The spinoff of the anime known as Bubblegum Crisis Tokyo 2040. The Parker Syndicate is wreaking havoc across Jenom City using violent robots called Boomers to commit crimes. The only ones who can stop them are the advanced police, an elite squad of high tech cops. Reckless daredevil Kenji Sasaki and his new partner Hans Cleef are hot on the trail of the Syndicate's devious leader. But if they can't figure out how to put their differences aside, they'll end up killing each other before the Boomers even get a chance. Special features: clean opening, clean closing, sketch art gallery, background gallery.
...
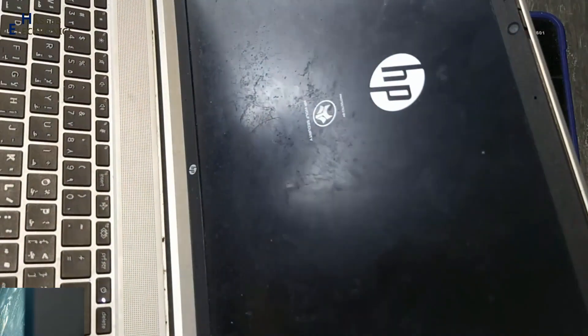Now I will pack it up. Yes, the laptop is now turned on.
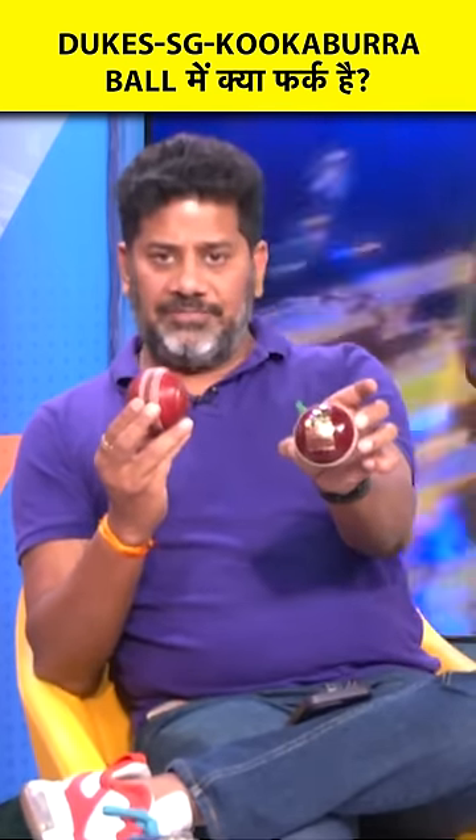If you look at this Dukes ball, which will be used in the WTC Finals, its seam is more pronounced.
--
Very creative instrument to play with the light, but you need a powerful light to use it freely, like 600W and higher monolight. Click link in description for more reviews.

__WHAT IS EXPECTED__:
Would you write out exactly the lines above, starting at the line containing "Now I will pack" and stopping after the line containing "If you look"? Omit the pictures.

__REPLY__:
Now I will pack it up. Yes, the laptop is now turned on.
If you look at this Dukes ball, which will be used in the WTC Finals, its seam is more pronounced.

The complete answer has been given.